[Collected data entries]

═══

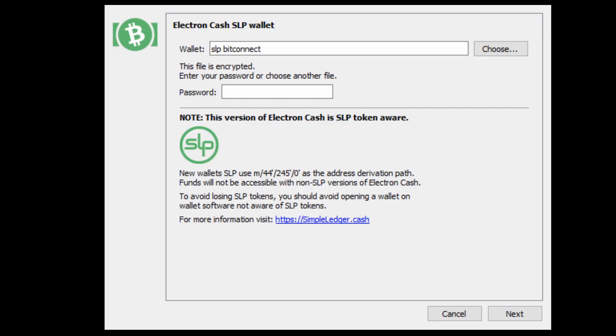Once you've opened up your SLP wallet, this is the first thing you're going to see. Now because I already have a wallet here, it's asking me for my password to enter into my encrypted file. But we're going to be creating an entirely new wallet to show you how to go through the process today.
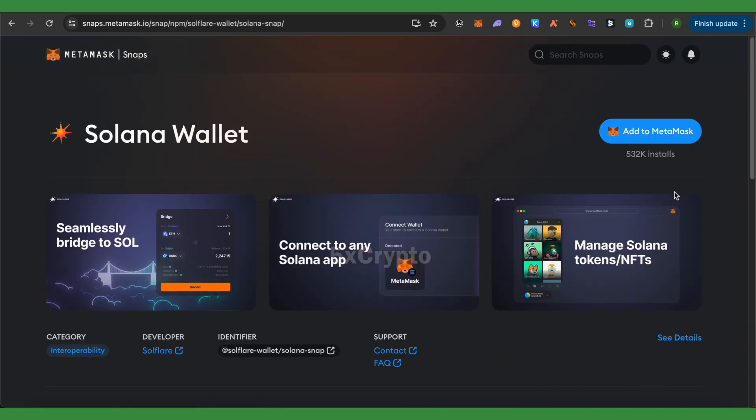And here you get the option to add it to your MetaMask, and this way you would be able to not only manage Solana but also Solana tokens and NFTs on your MetaMask itself.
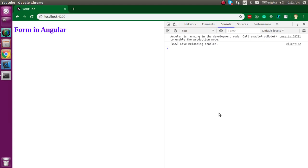Hi everyone, welcome back to my channel. My name is Anil and in this Angular video tutorial, we will learn how we can make a simple form in Angular.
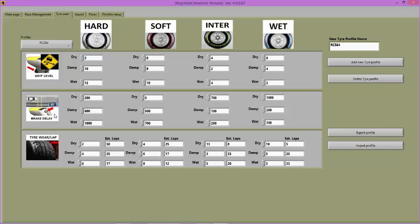Brake delay in RCS affects deceleration. When tyres are 100%, brake delay is 0. As tyres wear, brake delay will increase. If brake delay is set to 400, brake delay will increase to 400ms when tyres are at 0%.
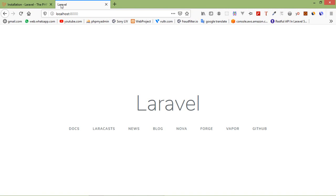So that's all about how you can install Laravel 6. Thanks for watching this video. If you still have any kind of question you can ask me in the comment box. Don't forget to subscribe to my channel. Thanks for watching.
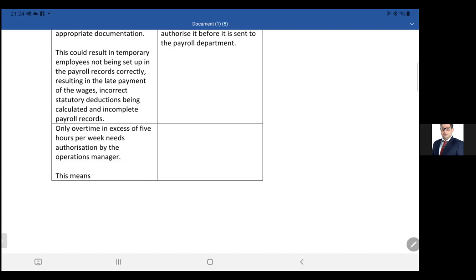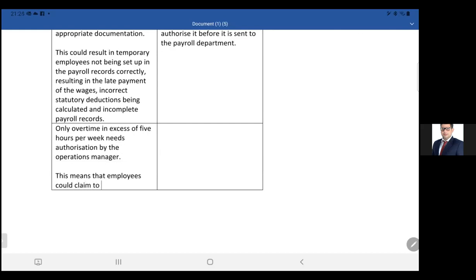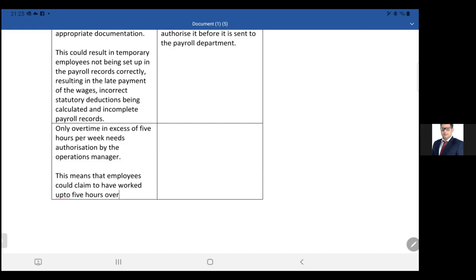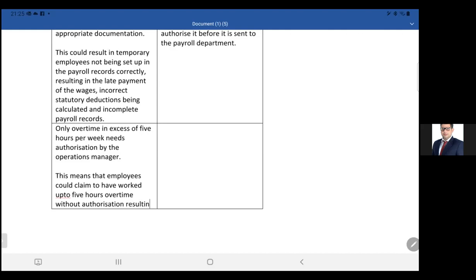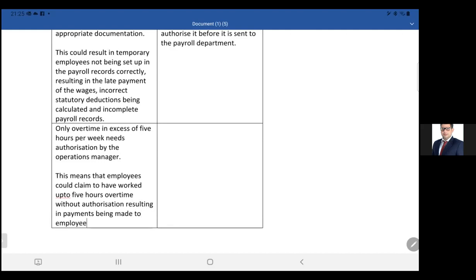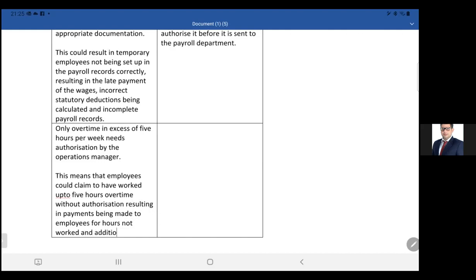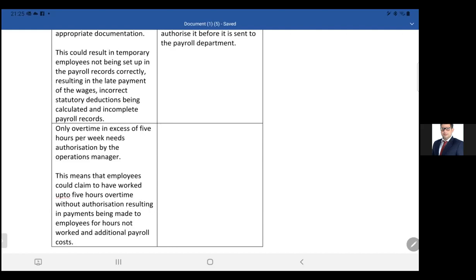This means that employees could claim to have worked up to five hours overtime without authorization, resulting in payments being made to employees for hours not worked and additional payroll costs.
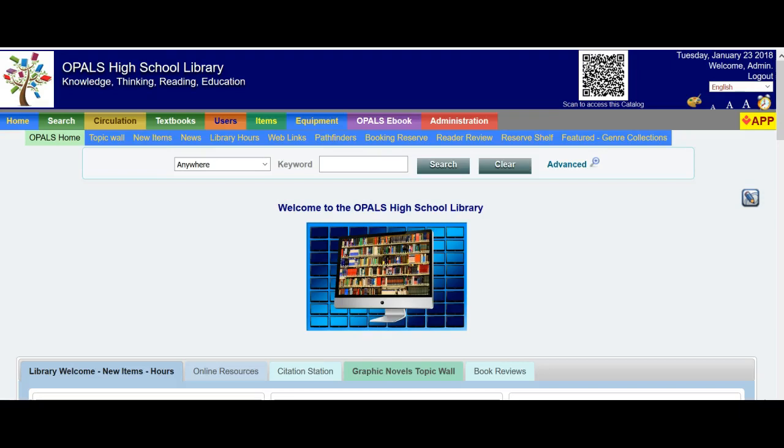Hello, OPALS users. In this short tutorial, I will be covering the importing and cataloging of OPALS eBooks from our servers.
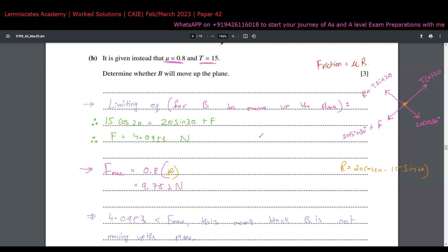To clarify: this is like the earlier example where only 5 N was applied against a maximum friction of 8 N — the maximum is not reached, so the system stays blocked. The friction adjusts to prevent motion, and since the required friction is well below the maximum, block B will not move up the plane. For any doubts, feel free to reach out.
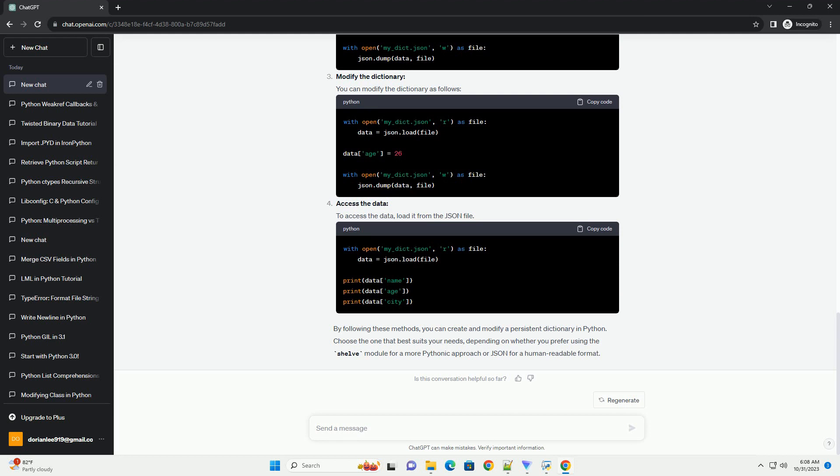Method 2: Using JSON. Alternatively, you can use the JSON module to work with a persistent dictionary by storing data in a JSON file. Here's how to do it. Import the JSON module.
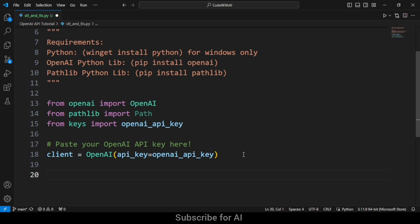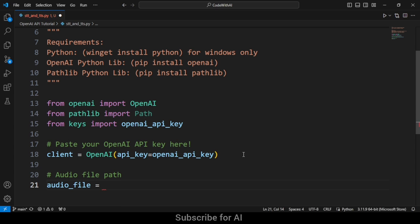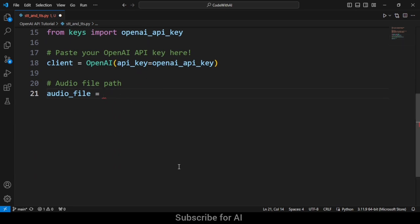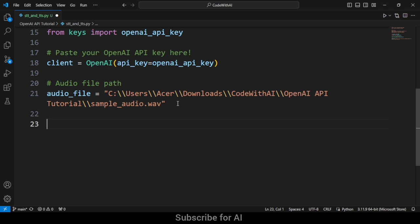Next, we have to select the path for our audio file — the audio file we are going to convert into text for speech-to-text. You paste the audio file path here: 'audio_file = "your_audio_file_path"'. My audio file is sample_audio.wav and the format is WAV.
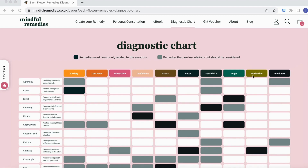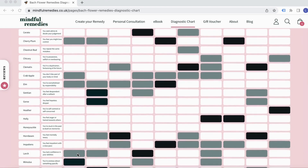At the top we've got all the different emotions that you might be feeling — common emotions there. And then down the side we've got the list of remedies and a short description about what each of those remedies can help with and what emotional state they're helping with.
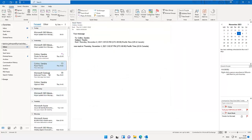That's how you create or modify an email signature in Outlook 2021. Thank you very much for watching this video. Please don't forget to subscribe to my channel for more IT tutorials. Bye!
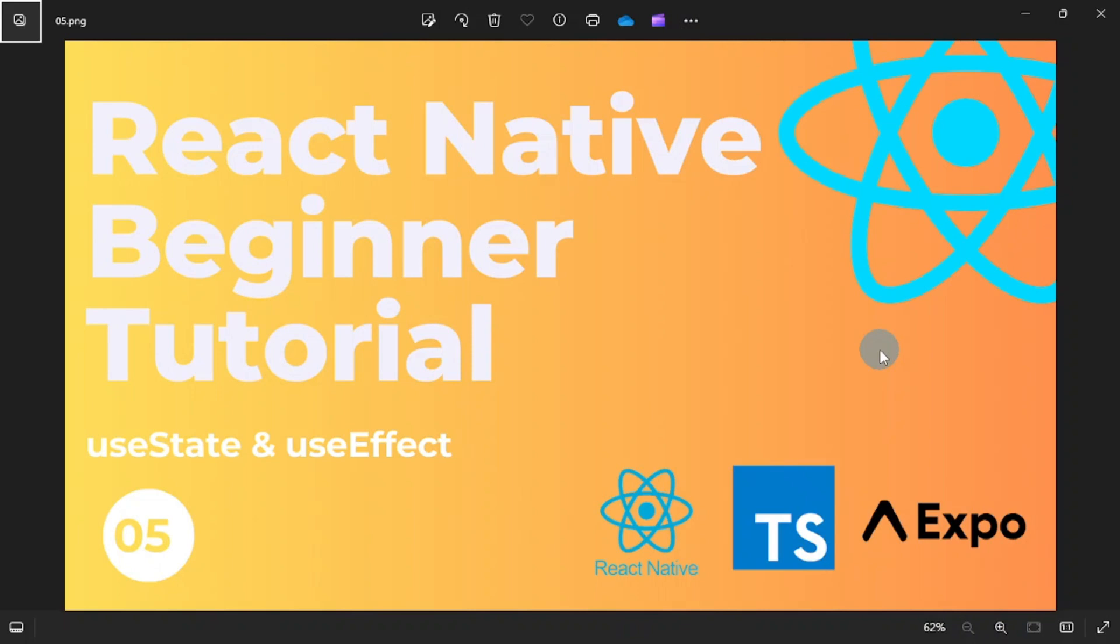Hello friends, this is Samuel once again from Sonnytech, and welcome to part five of our series. This time we're looking at what useState is and what useEffect is. If you are new to my channel and haven't subscribed yet, consider subscribing. Please like this video, share and comment as well. All right, so let's begin.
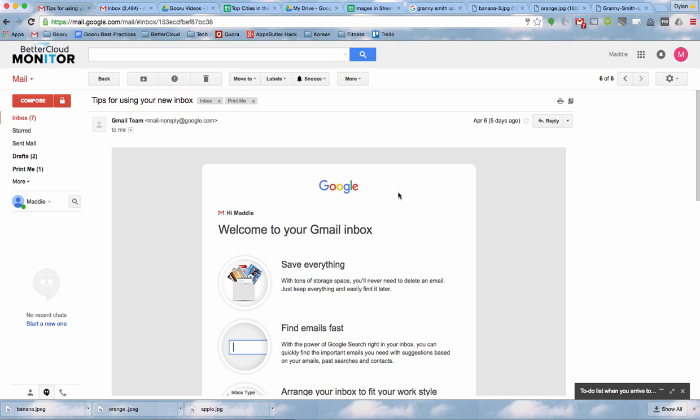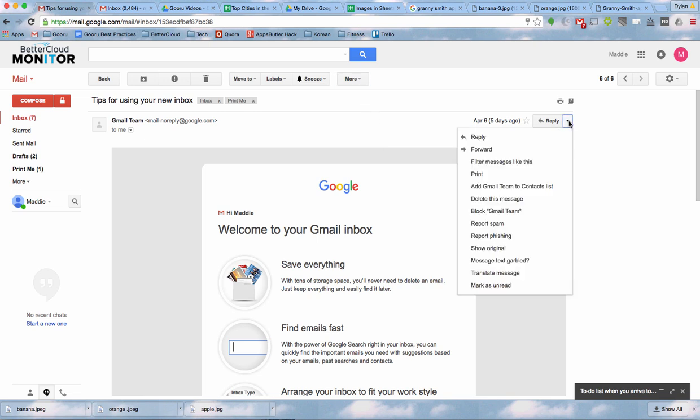So once you have the email you want to reference, what you're actually going to do is print it. So we're going to hit the More menu right here and select Print.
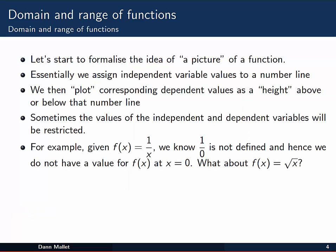We're going to find that that's exactly what we can do — we're going to start to formalize this idea of a picture of a function. Essentially how that picture is built up is by assigning the independent variable and its values to a horizontal number line. We then plot the corresponding dependent values, or the values of the function, as a height above or below that horizontal number line, and we associate with them their own vertical number line.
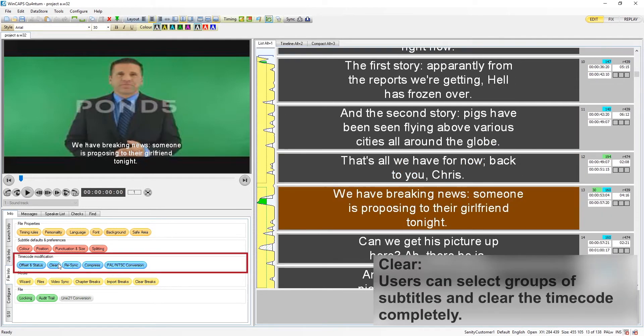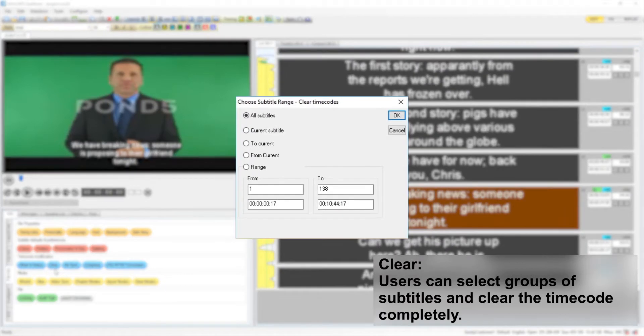Clear will allow users to select groups of subtitles and clear the timecode completely.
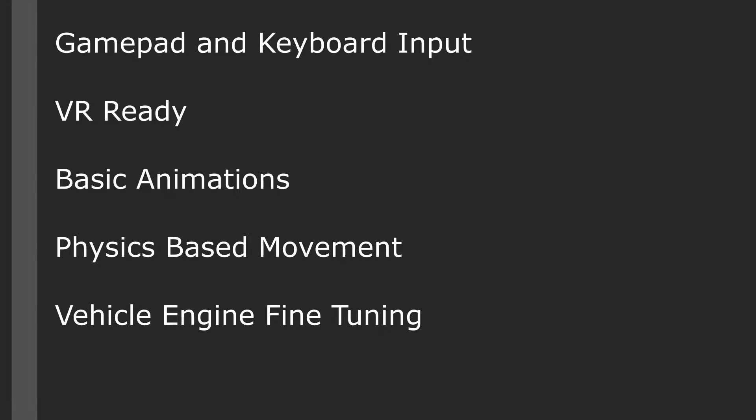We get gamepad and keyboard input. It is VR ready. We get some basic animations such as the wheels, physics-based movement, and then vehicle engine fine-tuning.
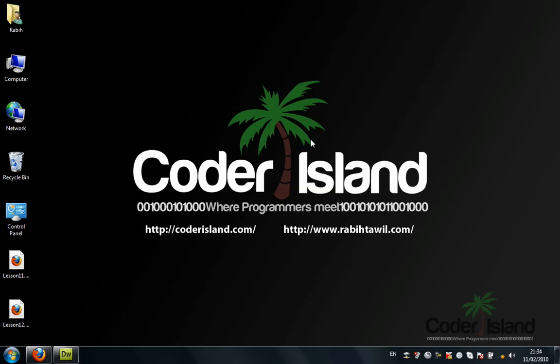Please subscribe to the channel, and if you got any questions, refer to our Coder Island forum. Thank you.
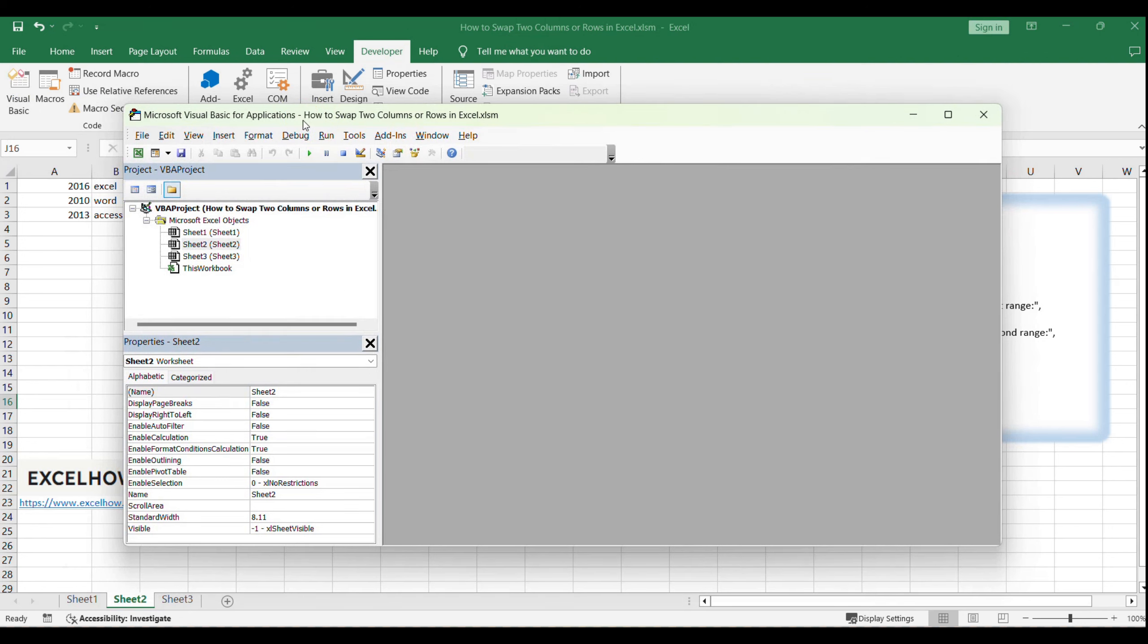Once you're in the VBA editor, you'll see a window with a Project Explorer and a code window. We'll be adding our macro to the code window.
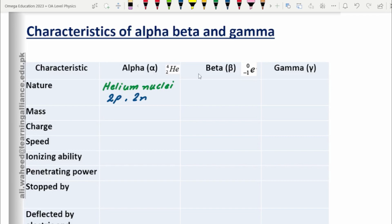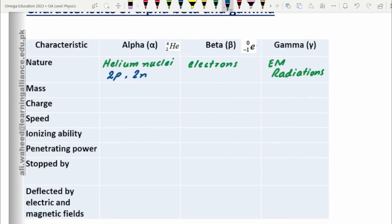Beta particles are considered the same as electrons, so there is nothing much new here — we are already familiar with electrons. Gamma particles are electromagnetic radiations. As you may have studied in the electromagnetic spectrum, gamma rays have the highest frequency, the highest energy, and the lowest wavelength.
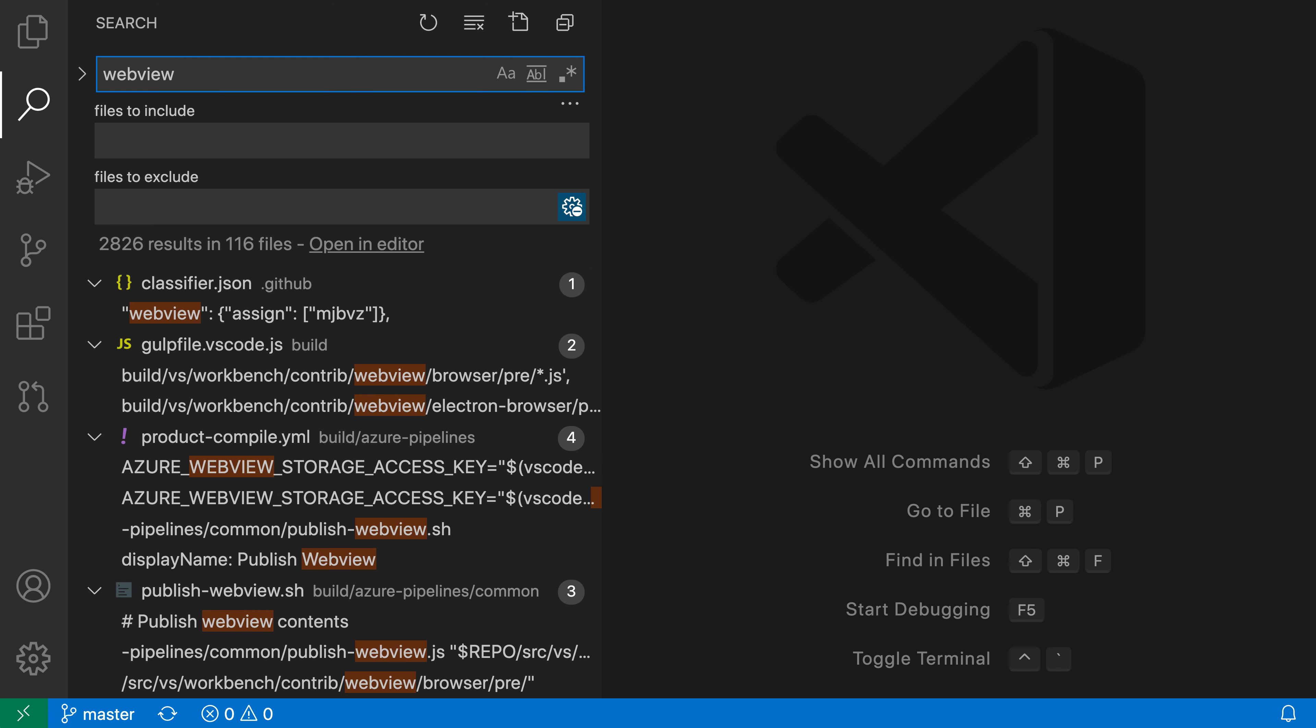VS Code will normally try to show all of the matches. You can use the toggle expand collapse icon up here to make VS Code instead collapse the results down so it's just showing a flat file list that you can then expand manually.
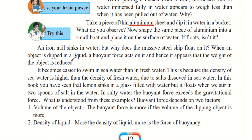When an object is dipped in a liquid, a buoyant force acts on it, and hence it appears that the weight of the object is reduced. This is similar to the bucket example, where the bucket of water inside the well felt lighter because of the buoyant force.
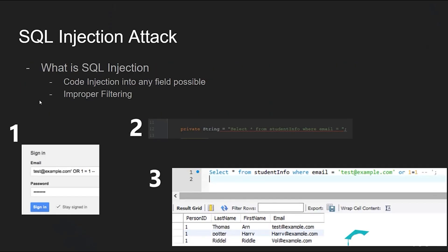SQL injection is still, even though it's an old attack, very powerful if you don't protect yourself against it. An SQL injection attack is when you try to inject SQL code into any field possible in a web application. For example, in picture one we have a normal login form, which gives a malicious user a way of inputting SQL statements. Normally we just input our email and password, but some people will try to insert SQL statements to get information out of the database or to drop the database entirely, deleting all the data.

═══

TASK TO COMPLETE:
In the copy, include all records verbatim but no images.

FINAL ANSWER:
Once you've opened up your SLP wallet, this is the first thing you're going to see. Now because I already have a wallet here, it's asking me for my password to enter into my encrypted file. But we're going to be creating an entirely new wallet to show you how to go through the process today.
And here you get the option to add it to your MetaMask, and this way you would be able to not only manage Solana but also Solana tokens and NFTs on your MetaMask itself.
Hi everyone, welcome back to my channel. My name is Anil and in this Angular video tutorial, we will learn how we can make a simple form in Angular.
Brake delay in RCS affects deceleration. When tyres are 100%, brake delay is 0. As tyres wear, brake delay will increase. If brake delay is set to 400, brake delay will increase to 400ms when tyres are at 0%.
So that's all about how you can install Laravel 6. Thanks for watching this video. If you still have any kind of question you can ask me in the comment box. Don't forget to subscribe to my channel. Thanks for watching.
This means that employees could claim to have worked up to five hours overtime without authorization, resulting in payments being made to employees for hours not worked and additional payroll costs.
Hello, OPALS users. In this short tutorial, I will be covering the importing and cataloging of OPALS eBooks from our servers.
To clarify: this is like the earlier example where only 5 N was applied against a maximum friction of 8 N — the maximum is not reached, so the system stays blocked. The friction adjusts to prevent motion, and since the required friction is well below the maximum, block B will not move up the plane. For any doubts, feel free to reach out.
Method 2: Using JSON. Alternatively, you can use the JSON module to work with a persistent dictionary by storing data in a JSON file. Here's how to do it. Import the JSON module.
Next, we have to select the path for our audio file — the audio file we are going to convert into text for speech-to-text. You paste the audio file path here: 'audio_file = "your_audio_file_path"'. My audio file is sample_audio.wav and the format is WAV.
At the top we've got all the different emotions that you might be feeling — common emotions there. And then down the side we've got the list of remedies and a short description about what each of those remedies can help with and what emotional state they're helping with.
That's how you create or modify an email signature in Outlook 2021. Thank you very much for watching this video. Please don't forget to subscribe to my channel for more IT tutorials. Bye!
Hello friends, this is Samuel once again from Sonnytech, and welcome to part five of our series. This time we're looking at what useState is and what useEffect is. If you are new to my channel and haven't subscribed yet, consider subscribing. Please like this video, share and comment as well. All right, so let's begin.
So once you have the email you want to reference, what you're actually going to do is print it. So we're going to hit the More menu right here and select Print.
We're going to find that that's exactly what we can do — we're going to start to formalize this idea of a picture of a function. Essentially how that picture is built up is by assigning the independent variable and its values to a horizontal number line. We then plot the corresponding dependent values, or the values of the function, as a height above or below that horizontal number line, and we associate with them their own vertical number line.
Clear will allow users to select groups of subtitles and clear the timecode completely.
We get gamepad and keyboard input. It is VR ready. We get some basic animations such as the wheels, physics-based movement, and then vehicle engine fine-tuning.
Please subscribe to the channel, and if you got any questions, refer to our Coder Island forum. Thank you.
Once you're in the VBA editor, you'll see a window with a Project Explorer and a code window. We'll be adding our macro to the code window.
Beta particles are considered the same as electrons, so there is nothing much new here — we are already familiar with electrons. Gamma particles are electromagnetic radiations. As you may have studied in the electromagnetic spectrum, gamma rays have the highest frequency, the highest energy, and the lowest wavelength.
VS Code will normally try to show all of the matches. You can use the toggle expand collapse icon up here to make VS Code instead collapse the results down so it's just showing a flat file list that you can then expand manually.
When an object is dipped in a liquid, a buoyant force acts on it, and hence it appears that the weight of the object is reduced. This is similar to the bucket example, where the bucket of water inside the well felt lighter because of the buoyant force.
SQL injection is still, even though it's an old attack, very powerful if you don't protect yourself against it. An SQL injection attack is when you try to inject SQL code into any field possible in a web application. For example, in picture one we have a normal login form, which gives a malicious user a way of inputting SQL statements. Normally we just input our email and password, but some people will try to insert SQL statements to get information out of the database or to drop the database entirely, deleting all the data.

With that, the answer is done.